BRIEF »
The records below are to be transcribed exactly from their first line to the line that has "2020 Mazda CX-5 Touring", inclusive, with every picture omitted.
--- MATERIAL SHOWN Enclosed Below ---
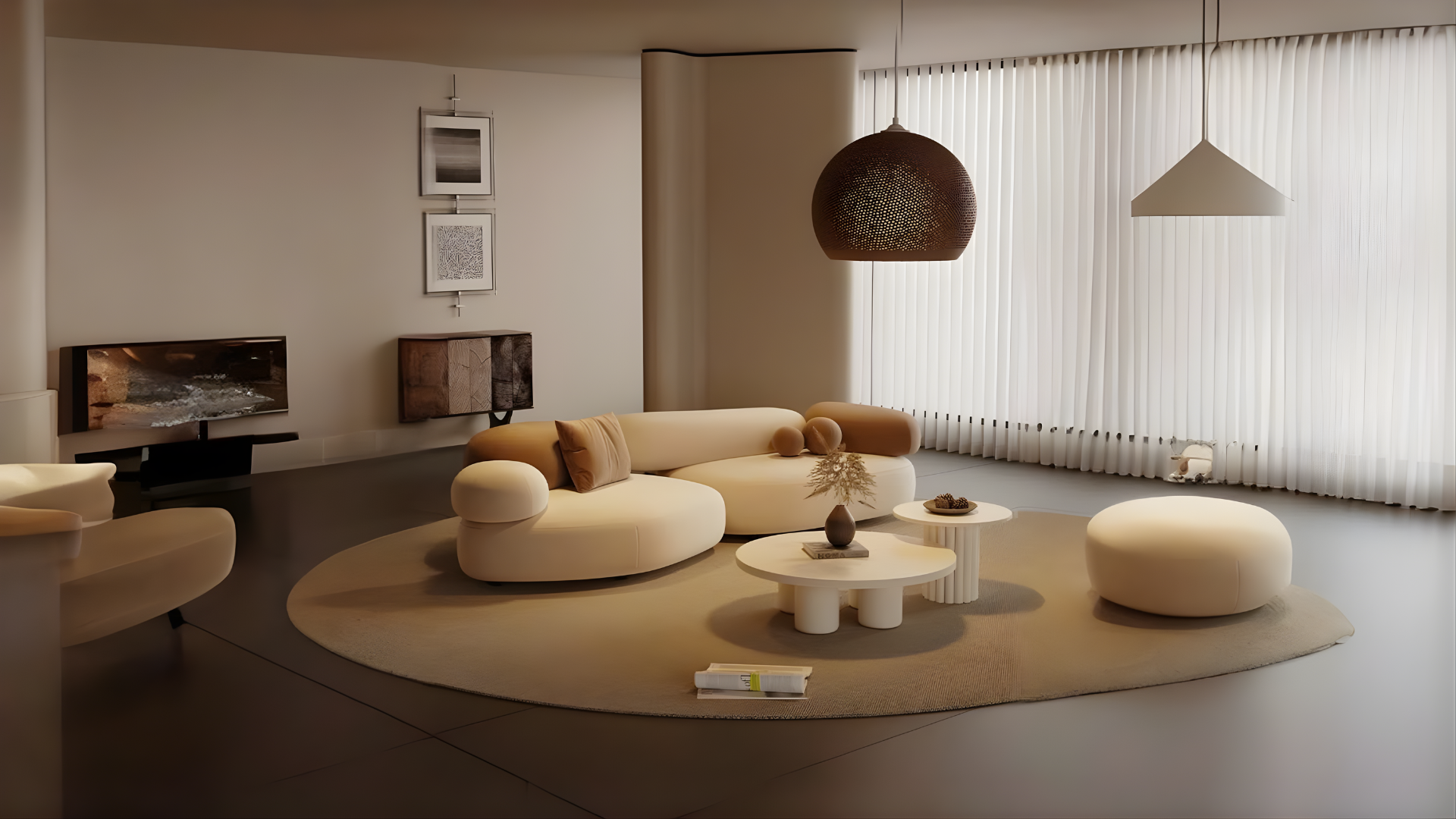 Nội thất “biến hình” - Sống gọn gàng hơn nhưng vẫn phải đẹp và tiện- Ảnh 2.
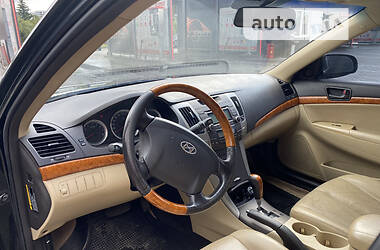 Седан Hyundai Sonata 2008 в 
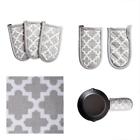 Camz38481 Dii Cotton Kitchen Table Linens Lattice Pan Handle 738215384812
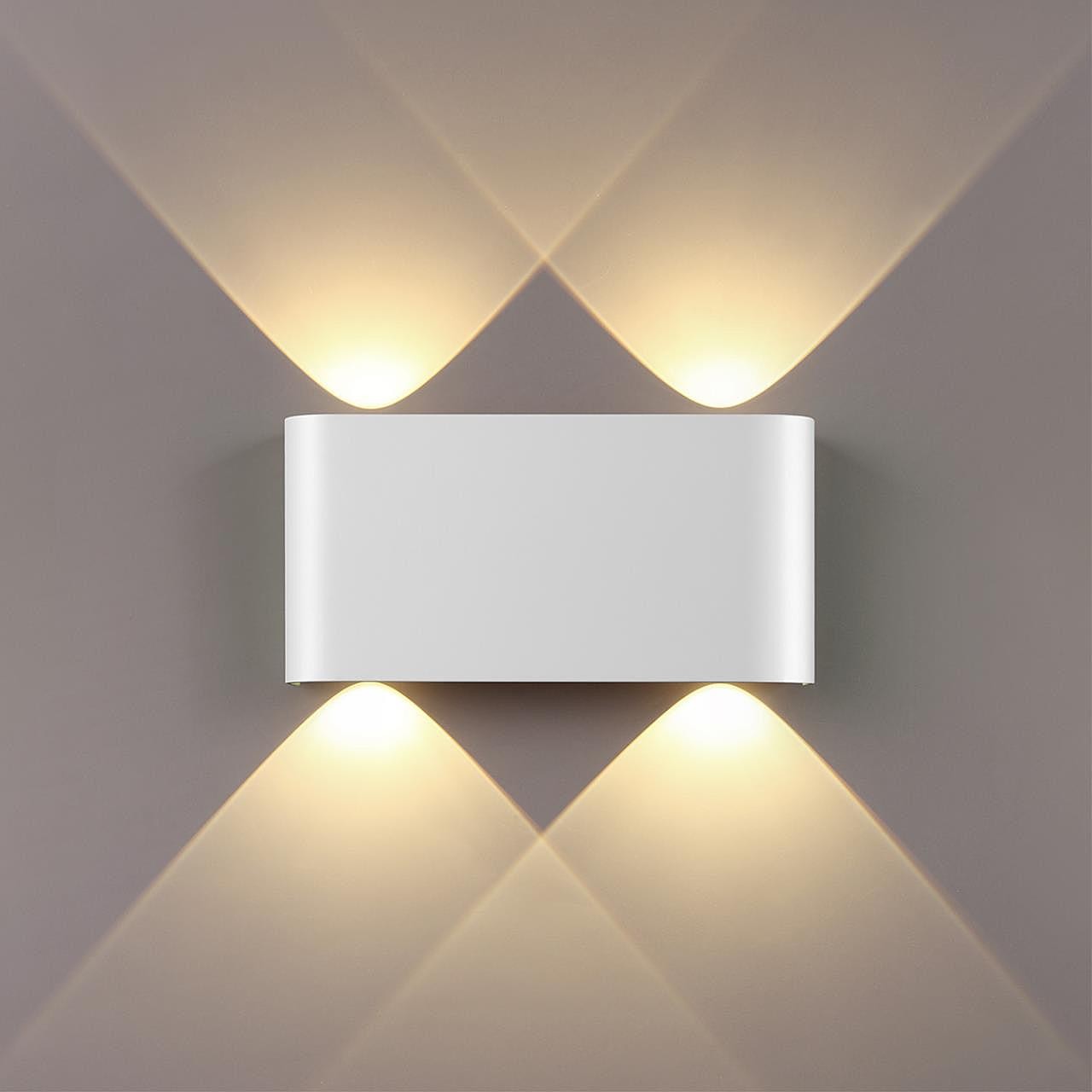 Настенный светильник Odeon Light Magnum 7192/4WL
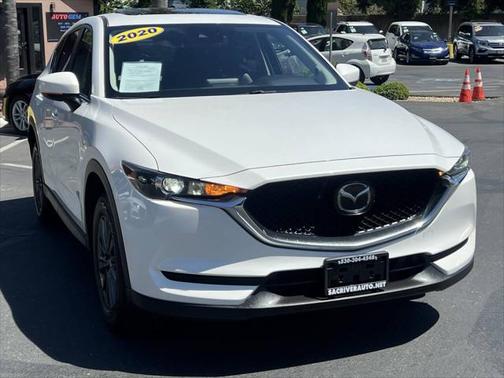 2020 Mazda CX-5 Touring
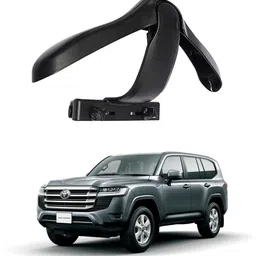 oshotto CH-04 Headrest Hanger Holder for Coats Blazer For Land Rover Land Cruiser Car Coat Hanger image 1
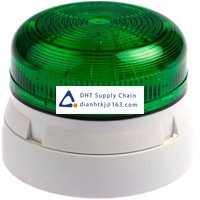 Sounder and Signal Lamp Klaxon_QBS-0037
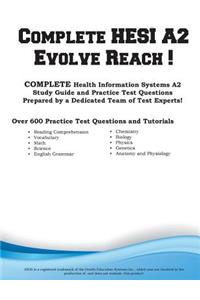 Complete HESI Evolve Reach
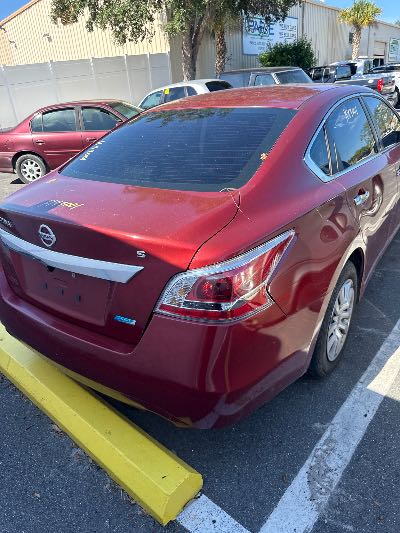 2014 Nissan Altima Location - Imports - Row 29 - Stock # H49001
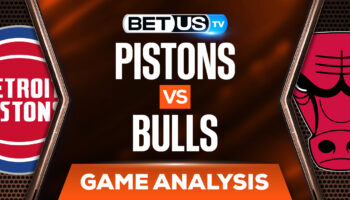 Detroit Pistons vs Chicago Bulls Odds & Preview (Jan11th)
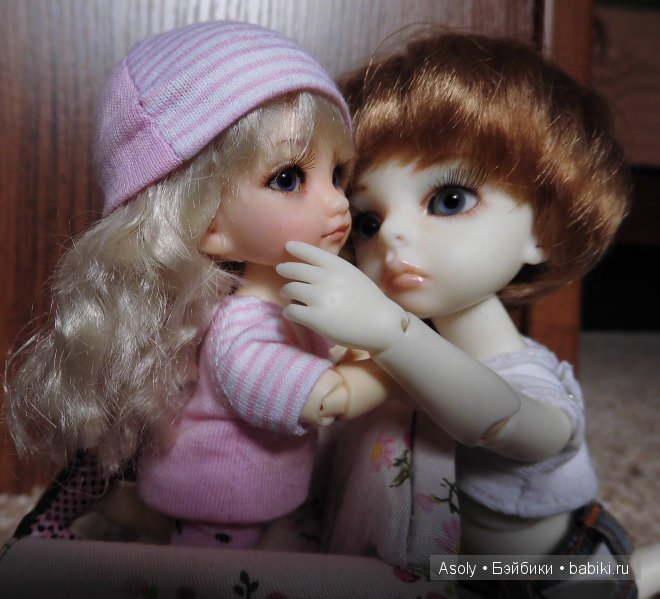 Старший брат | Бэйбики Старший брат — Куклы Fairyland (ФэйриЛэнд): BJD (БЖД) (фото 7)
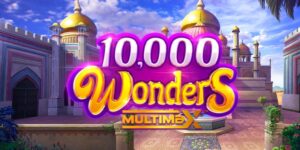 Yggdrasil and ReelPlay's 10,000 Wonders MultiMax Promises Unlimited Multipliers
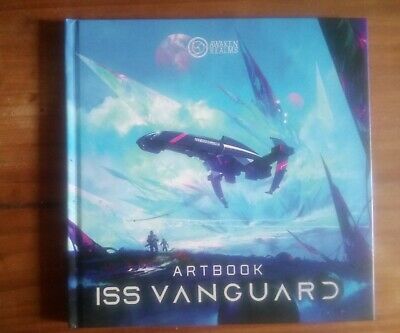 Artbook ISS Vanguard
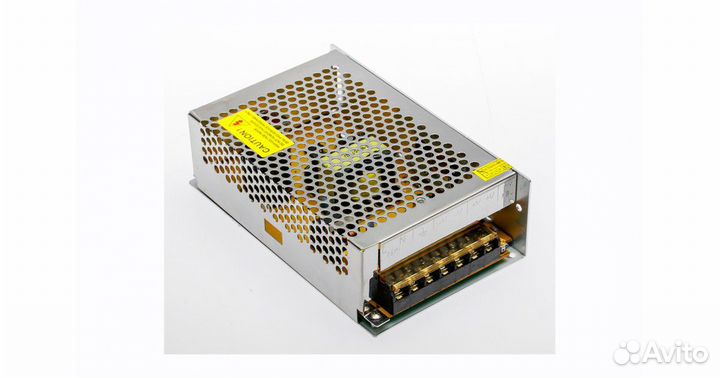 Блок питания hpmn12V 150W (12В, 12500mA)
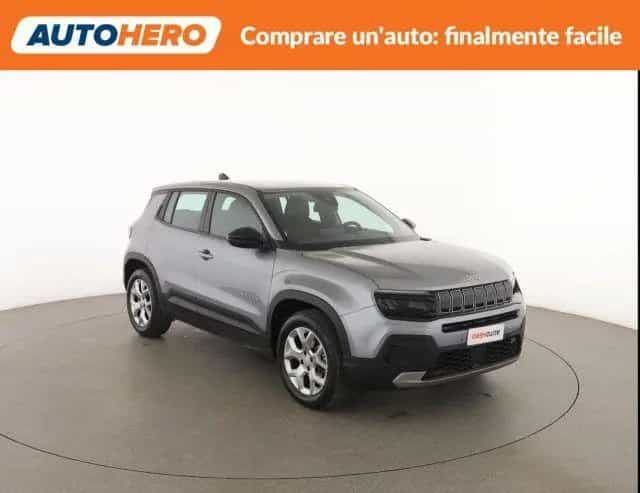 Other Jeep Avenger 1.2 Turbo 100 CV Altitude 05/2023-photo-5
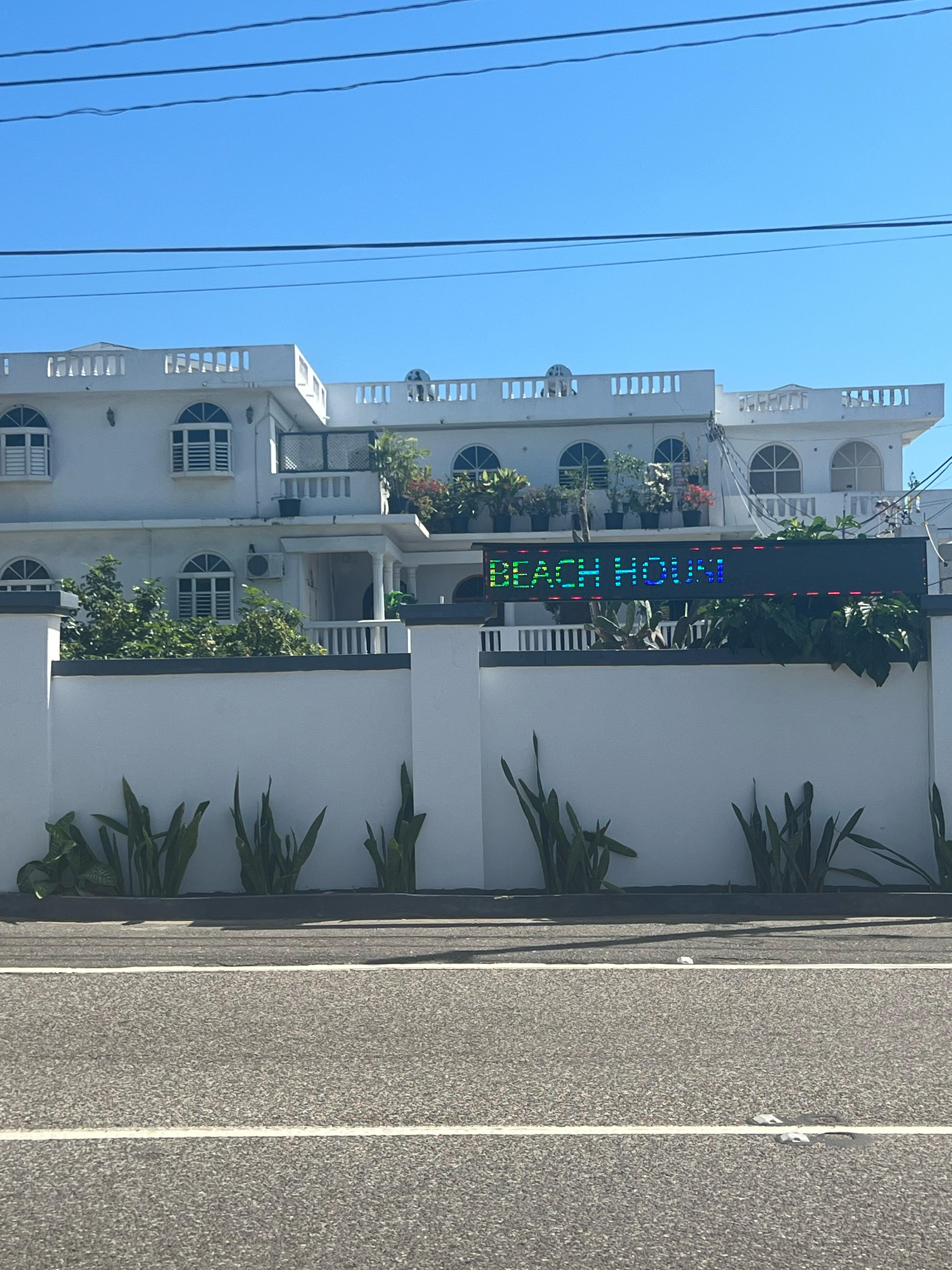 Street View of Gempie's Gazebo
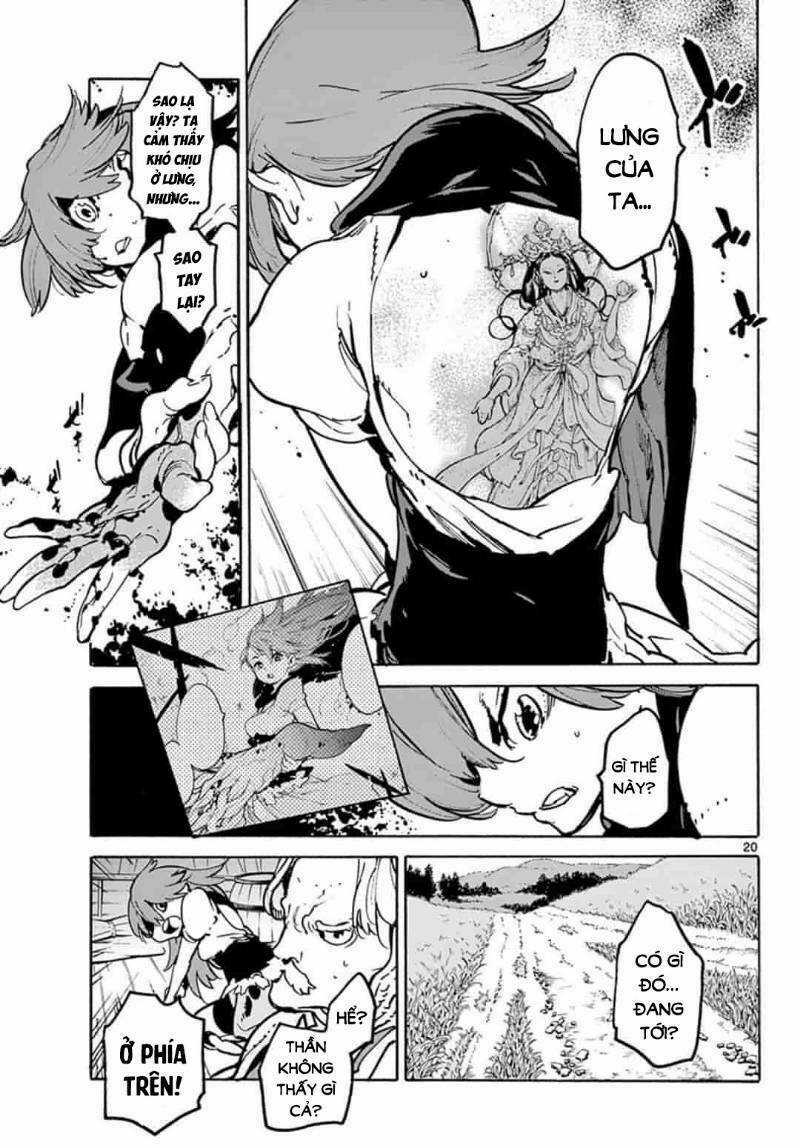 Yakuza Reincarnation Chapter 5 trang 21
--- End of Enclosed MATERIAL SHOWN ---
REPLY »
 Nội thất “biến hình” - Sống gọn gàng hơn nhưng vẫn phải đẹp và tiện- Ảnh 2.
 Седан Hyundai Sonata 2008 в 
 Camz38481 Dii Cotton Kitchen Table Linens Lattice Pan Handle 738215384812
 Настенный светильник Odeon Light Magnum 7192/4WL
 2020 Mazda CX-5 Touring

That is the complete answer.